Marchionne, che ha residenza in Svizzera e sembra paghi le tasse in Italia con un’aliquota ridotta di un terzo rispetto a qualsiasi altro contribuente, risparmiando così centinaia di migliaia di euro l’anno, è riuscito in un’impresa che ha potuto concretizzarsi soltanto attraverso la prossimità alla finanza internazionale che conta, alla condivisione della politica italiana di centro-destra e di centro-sinistra e alla “collaborazione” di Cgil, Cisl e Uil.
In pochi anni ha ridotto la maggiore industria italiana ad un “cassaintegratificio” eliminando il conflitto sociale e soprattutto limitando il costo del lavoro, facendo pagare il tutto ai lavoratori ed ai cittadini, ha delocalizzato la maggioranza delle produzioni aumentando i propri profitti con i quali ha acquisito la Chrysler, acquisendo così una dimensione internazionale rilevante.
Mentre negli Stati Uniti la Chrysler aumenta le vendite e gli utili, in Italia la promessa di Fabbrica Italia si è rivelata per quello che era: una bufala che serviva a tener buoni i lavoratori sino a quando il ruolo internazionale della Fiat non fosse decollato definitivamente: nessun investimento rilevante in Italia, cassa integrazione a piene mani, nessun nuovo modello.
In questo scenario il ruolo di Cgil, Cisl e Uil è stato distruttivo. La disinformazione fatta tra i lavoratori e nel paese ha di fatto favorito i disegni di Marchionne e la stessa Fiom che si era opposta al piano Fiat, ha poi via via ammorbidito le proprie posizioni, sino ad arrivare in questi giorni ad una vera e propria resa del vertice del sindacato Cgil dei metalmeccanici che è oggi occupato principalmente a fare le scarpe alla alleata congressuale Camusso, addirittura alleandosi con Renzi che da mesi fa la corte a Marchionne.
E allora la politica ed i media italiani dovrebbero contare almeno sino a dieci prima di magnificare il trionfo dell’industria italiana. L’acquisizione della Chrysler vuol dire essenzialmente ulteriore spostamento della produzione e dell’occupazione fuori dal nostro paese e chi oggi chiede in modo supplichevole che “si faccia qualche cosa anche per la Fiat in Italia” o non ha capito nulla o mente sapendo di mentire.

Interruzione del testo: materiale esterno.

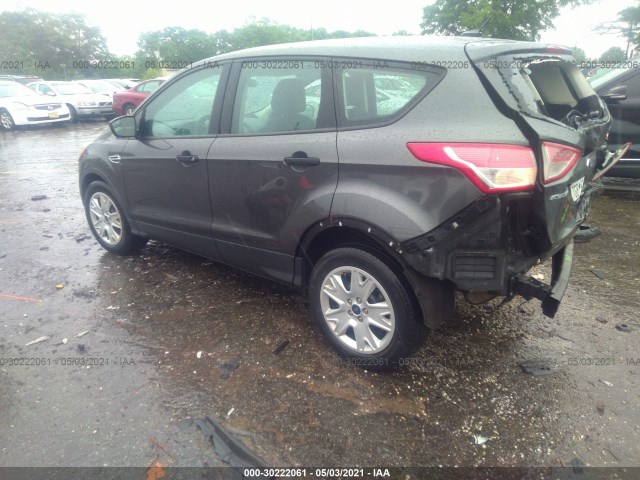 Photo 2 VIN: 1FMCU0F7XGUB03933 - FORD ESCAPE 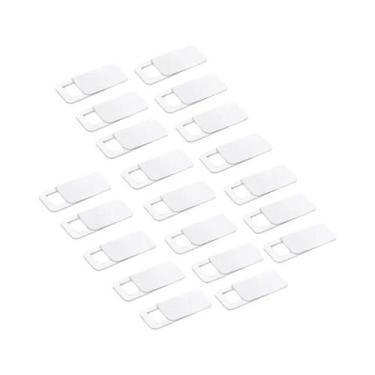 Imagem de Adesivo Universal Para Webcam De Laptop Para iPad iPhone Tablet Lente 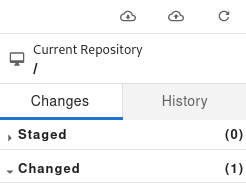 Repositories and branches are not displayed · Issue #989 · jupyterlab ...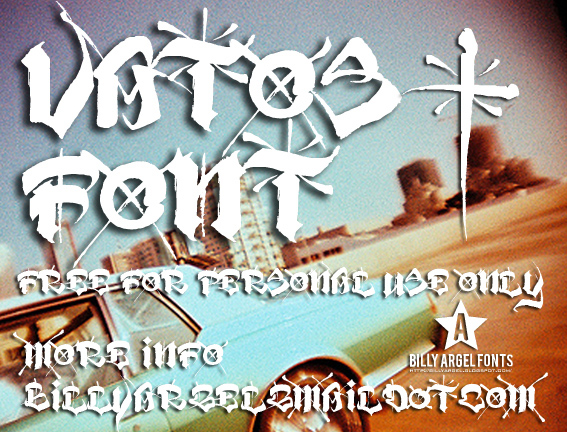 vato font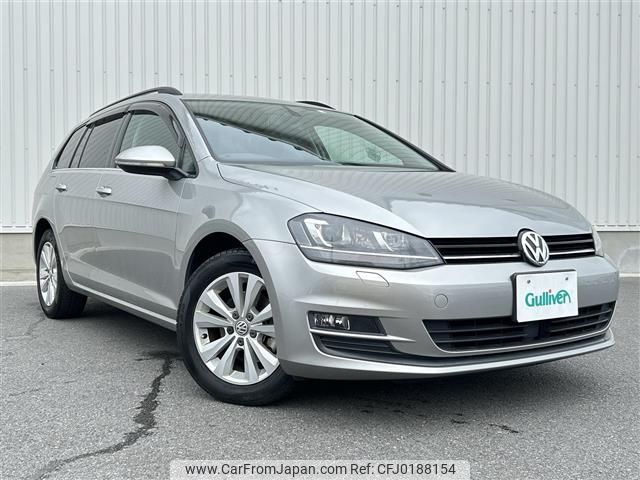 volkswagen golf-variant 2014 -VOLKSWAGEN--VW Golf Variant DBA-AUCJZ--WVWZZZAUZEP556496---VOLKSWAGEN--VW Golf Variant DBA-AUCJZ--WVWZZZAUZEP556496- image 1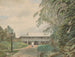 Station thermale à Sindanglaja - Gustaaf Frederik Tydeman — Ansicht des Kunstwerks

I lavoratori devono ora aprire definitivamente gli occhi e ricominciare a fare conflitto sui posti di lavoro, nelle fabbriche e nei territori, mandare a quel paese il sindacato “complice” e chiedere a gran voce alla politica ed allo stato di far restituire alla proprietà Fiat quanto sino ad oggi elargito dai contribuenti italiani sotto forma di aiuti di stato, di agevolazioni e soprattutto di ammortizzatori sociali. Con quello che abbiamo dato agli Agnelli ed alla proprietà in questi decenni, la Fiat avremmo potuto comprarla 10 volte!